Until the smallest unit, which then returns a `str` instead of an `nnsplit.Split`.

In [32]:
for sentence in splits:
  for [text, whitespace] in sentence:
    print(text.ljust(10), type(text))
    print(f'"{whitespace}"'.ljust(10), type(whitespace))
    print()

This       <class 'str'>
" "        <class 'str'>

is         <class 'str'>
" "        <class 'str'>

a          <class 'str'>
" "        <class 'str'>

test       <class 'str'>
" "        <class 'str'>

This       <class 'str'>
" "        <class 'str'>

is         <class 'str'>
" "        <class 'str'>

another    <class 'str'>
" "        <class 'str'>

test       <class 'str'>
""         <class 'str'>

.          <class 'str'>
""         <class 'str'>



Finally, for some benchmarks: If you are running `NNSplit` on GPU, you can increase the speed on large datasets by using a big batch size.

In [53]:
splitter = NNSplit(model, "cuda", batch_size=2**14)

In [60]:
text = "This is a test This is another test."

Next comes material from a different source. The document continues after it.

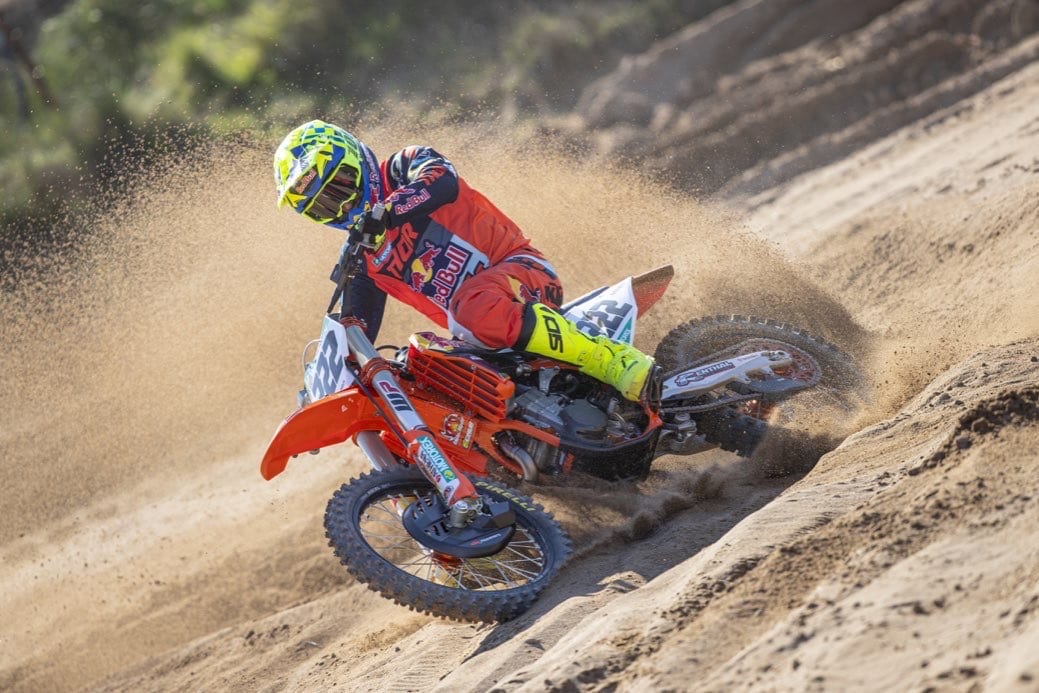 375649_cairoli_ktm_team_2021_jpa_p2_6139_bn_web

%timeit splitter.split([text])[0]
%timeit splitter.split([text] * 100)[0]
%timeit splitter.split([text] * 1000)[0]
%timeit splitter.split([text] * 10_000)[0]

100 loops, best of 3: 6.38 ms per loop
100 loops, best of 3: 9.03 ms per loop
10 loops, best of 3: 34.6 ms per loop
1 loop, best of 3: 372 ms per loop


And voilà! Splitting 10000 short texts in less than 400 milliseconds.